_What you should do_
Down to the final line, print the records below exactly and without pictures.

_Input_
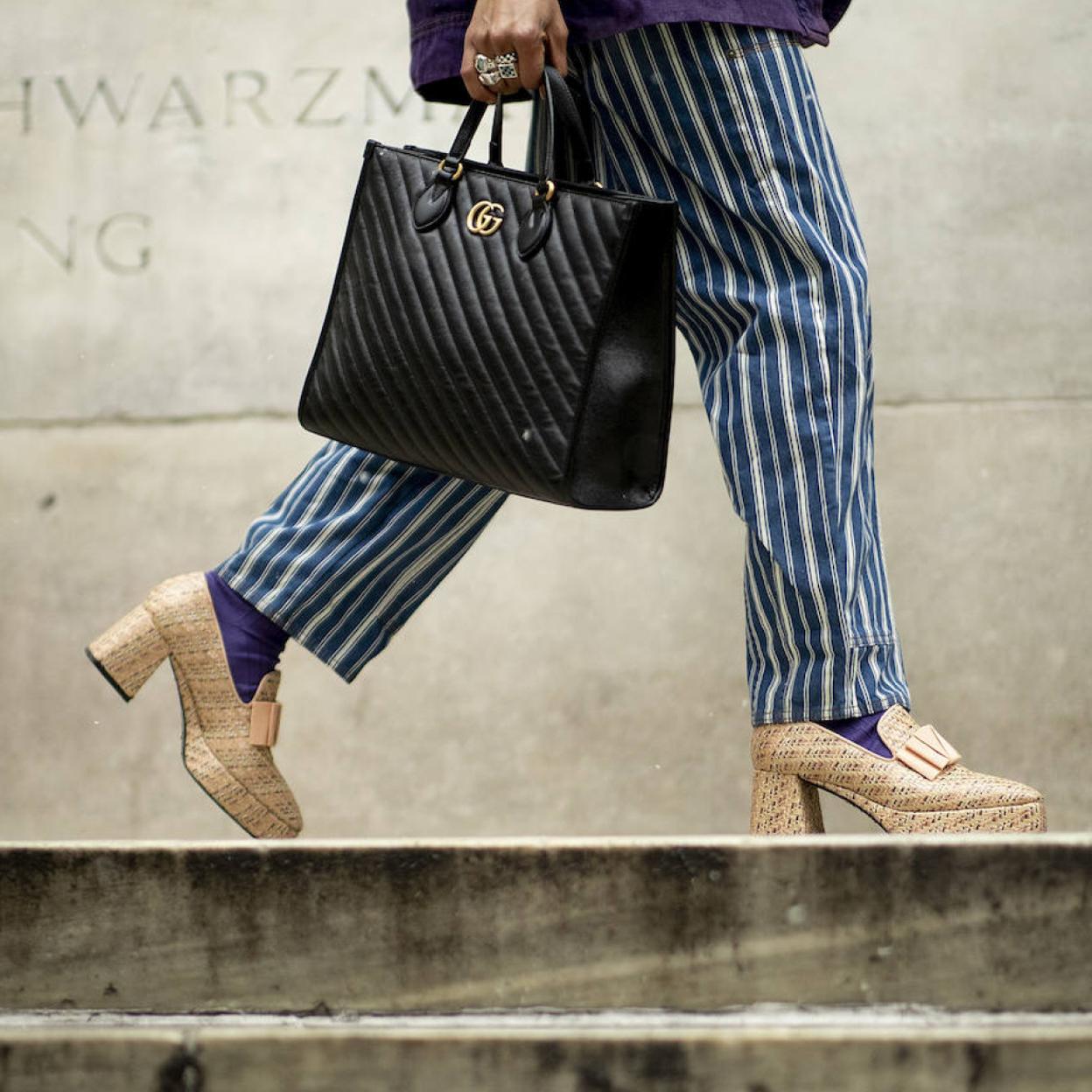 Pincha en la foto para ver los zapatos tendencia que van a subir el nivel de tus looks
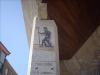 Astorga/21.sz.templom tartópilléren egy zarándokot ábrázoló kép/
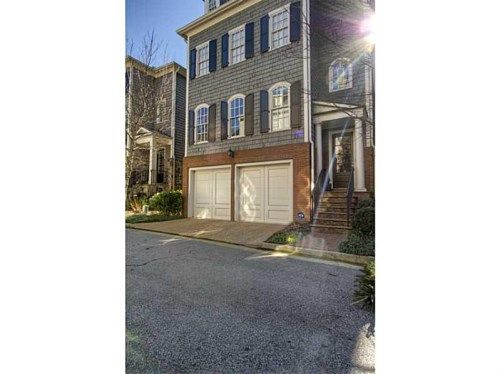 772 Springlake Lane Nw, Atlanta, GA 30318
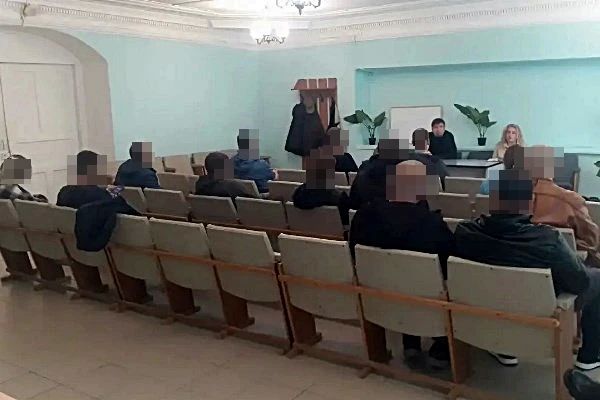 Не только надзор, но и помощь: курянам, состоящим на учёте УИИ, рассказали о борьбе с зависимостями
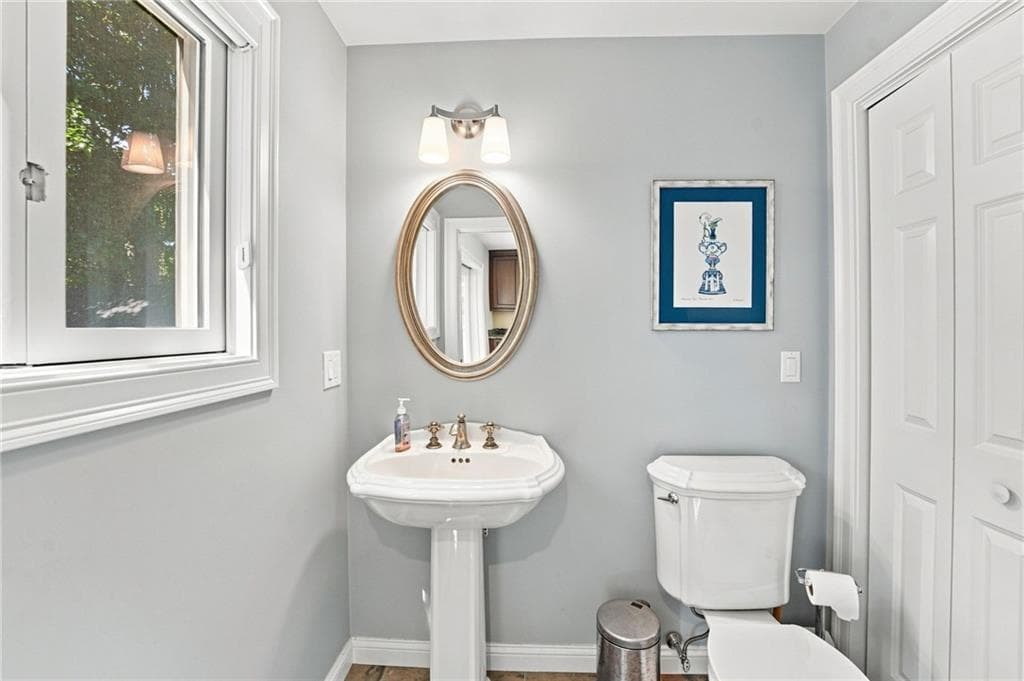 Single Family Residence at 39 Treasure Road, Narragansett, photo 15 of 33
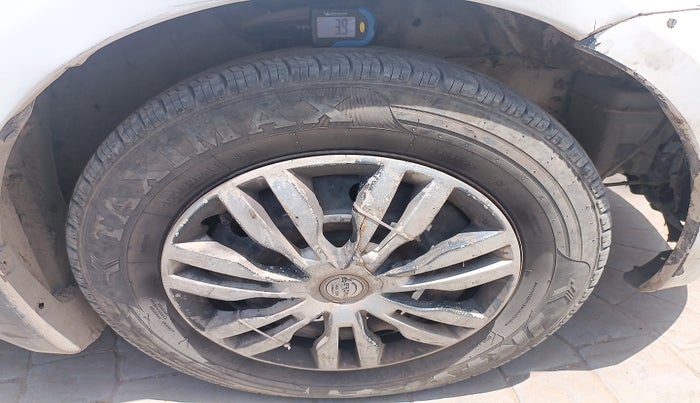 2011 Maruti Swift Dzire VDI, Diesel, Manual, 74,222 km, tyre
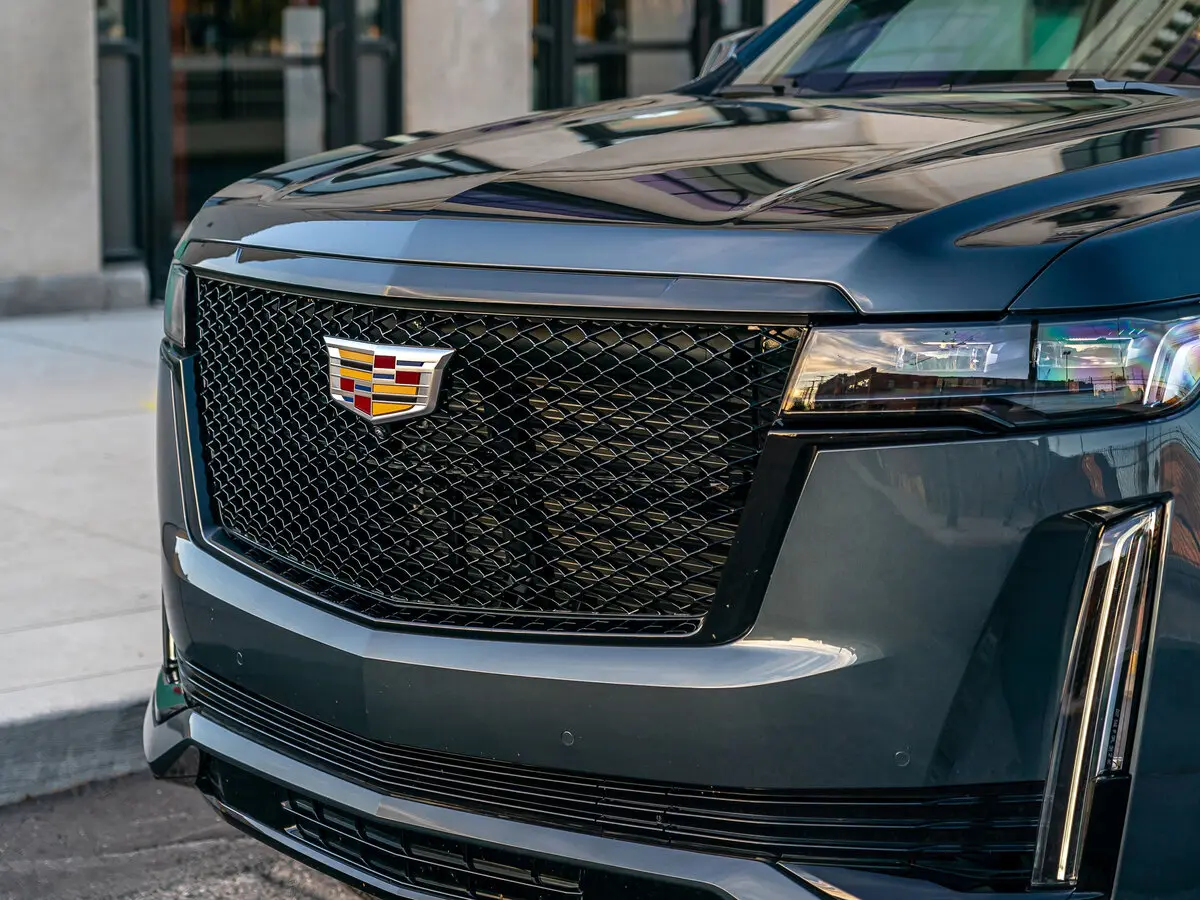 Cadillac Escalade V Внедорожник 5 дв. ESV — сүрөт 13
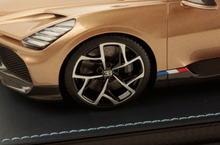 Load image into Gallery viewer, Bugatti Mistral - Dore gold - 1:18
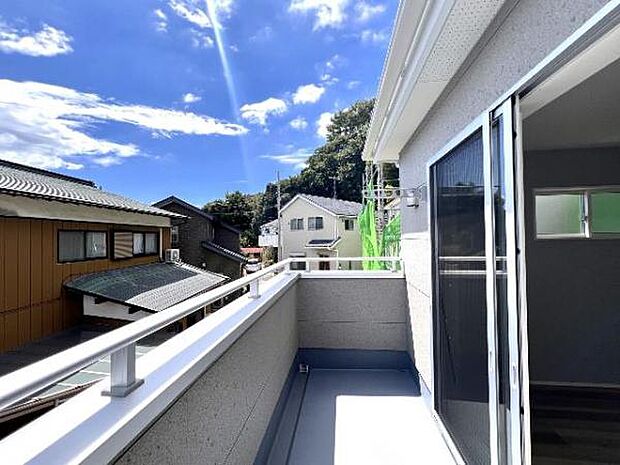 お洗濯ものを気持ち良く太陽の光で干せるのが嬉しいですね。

_Final answer_
 Pincha en la foto para ver los zapatos tendencia que van a subir el nivel de tus looks
 Astorga/21.sz.templom tartópilléren egy zarándokot ábrázoló kép/
 772 Springlake Lane Nw, Atlanta, GA 30318
 Не только надзор, но и помощь: курянам, состоящим на учёте УИИ, рассказали о борьбе с зависимостями
 Single Family Residence at 39 Treasure Road, Narragansett, photo 15 of 33
 2011 Maruti Swift Dzire VDI, Diesel, Manual, 74,222 km, tyre
 Cadillac Escalade V Внедорожник 5 дв. ESV — сүрөт 13
 Load image into Gallery viewer, Bugatti Mistral - Dore gold - 1:18
 お洗濯ものを気持ち良く太陽の光で干せるのが嬉しいですね。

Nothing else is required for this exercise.